La filosofía le lleva a un profundo conocimiento de la Iglesia Católica y con 31 años se bautiza con el nombre de Teresa Edwin. A los 42 años viste el hábito carmelita en el convento que tienen las carmelitas en Colonia, circunstancia que provoca que su familia rompa con ella. En 1938 emite sus votos perpetuos. Su inserción en el Cuerpo Místico de Cristo como católica, lejos de robarle su identidad como judía, más bien le da cumplimiento y un sentido más profundo. Al ser católica se siente más cudía; encuentra en Jesucristo el sentido de toda su fe y vida como judía. Este doble aspecto, crea en Edith un corazón auténticamente reconciliador entre las dos religiones. Siempre tuvo en la cabeza la unidad entre la fe judía y la fe cristiana. Antes de ser carmelita empieza a trabajar como maestra en la escuela de formación de maestras de las dominicas de Santa Magdalena. Además de sus clases, escribe, traduce, e imparte conferencias. Durante estos años realizó, además de otros trabajos menores, dos obras voluminosas: La traducción al alemán de las cartas y diarios del Cardenal Newman, y la traducción, en dos tomos, de las Cuestiones sobre la verdad de Santo Tomás de Aquino. Este se convertirá en base fundamental para sus obras filosóficas, escritas luego en el Carmelo.
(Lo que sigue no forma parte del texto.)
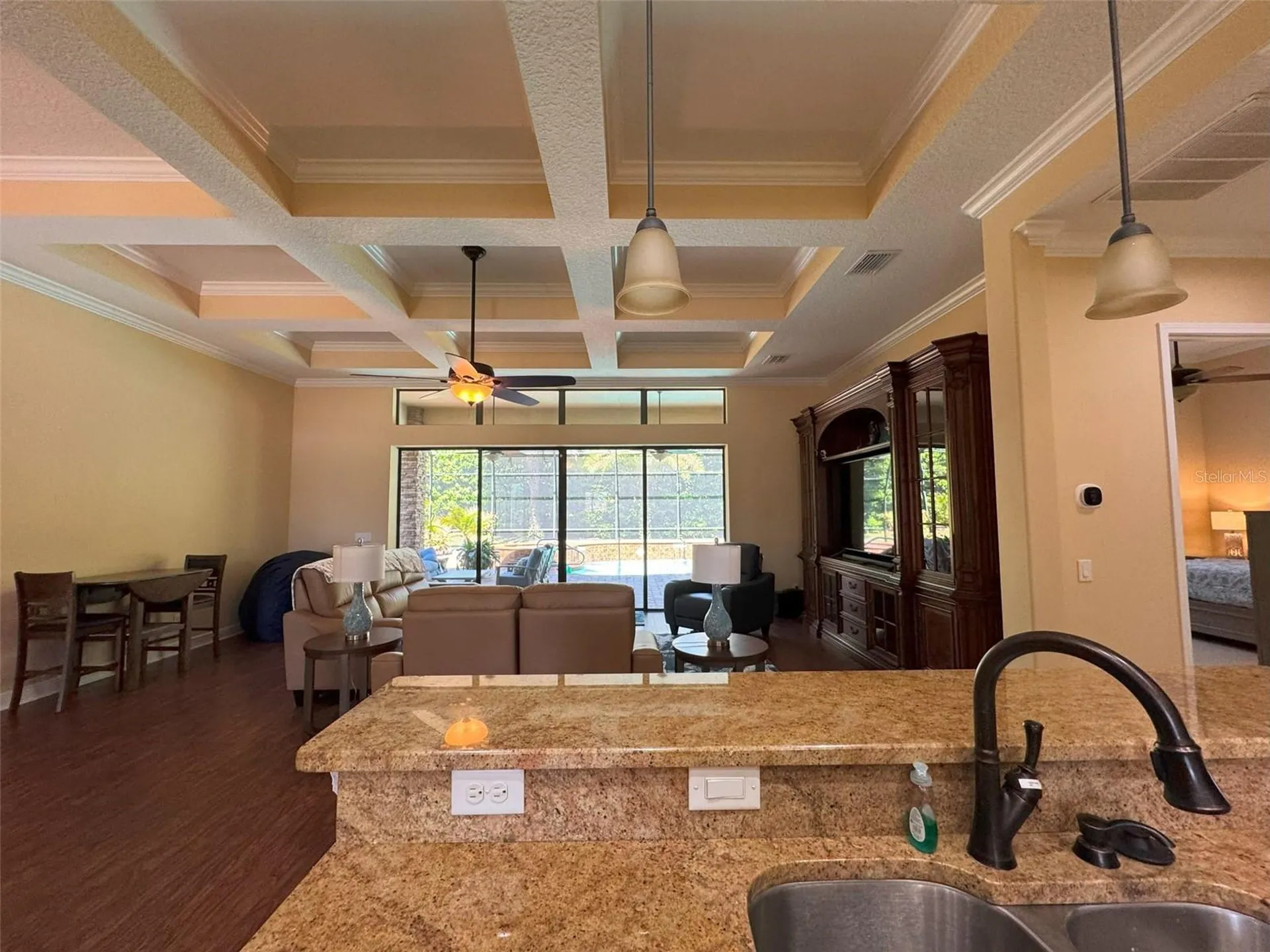 1024 W Beagle Run Loop Hernando FL 34442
Al final de la década de los 30 concluyó Ser Finito y Eterno. En esta obra, Edith trata las preguntas más existenciales del hombre; reconoce la sed infinita que posee el hombre de conocer la verdad y de experimentar su fruto, entendido desde la realidad de lo eterno y lo trascendental. Y así busca unir las dos fuentes que conducen al hombre al conocimiento de si mismo y de la verdad: la fe y la filosofía.
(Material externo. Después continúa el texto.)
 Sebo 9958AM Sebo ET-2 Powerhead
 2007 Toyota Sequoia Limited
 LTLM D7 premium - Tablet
En este tiempo Hitler ya manda en Alemania. Ella, como antigua judía, presagia la suerte que le espera. En 1941, escribe su última y más ilustre obra: La Ciencia de la Cruz. Hecha por obediencia a sus superiores. Más que una obra intelectual, es el fruto de su propio camino interior de inmolación y victimazgo en imitación al Cordero Inmolado, a Jesucristo. Ella sabía perfectamente que iba a morir víctima de la guerra y escribe este libro como impresionante documento del apostolado del sufrimiento. Sus hermanas quieren salvarla e intentan que huya a Holanda, pero en agosto de 1942 unos miembros de las SS se presentan en el convento y apresan a Sor Benedicta, nombre religioso de Edith y a su hermana Rosa. Ese mismo agosto Edith Stein, conocida como Teresa Benedicta de la Cruz, moría en Auschwitz. Un superviviente recuerda: “Había una monja que me llamó inmediatamente la atención y a la que jamás he podido olvidar, a pesar de los muchos episodios repugnantes de los que fui testigo allí. Aquella mujer, con una sonrisa que no era una simple máscara, iluminaba y daba calor. Yo tuve la certeza de que me hallaba ante una persona verdaderamente grande. En una conversación dijo ella: “El mundo está hecho de contradicciones; en último término nada quedará de estas contradicciones. Sólo el gran amor permanecerá. ¿Cómo podría ser de otra manera?”

Juan Pablo II la canonizaba el 11 de octubre de 1998.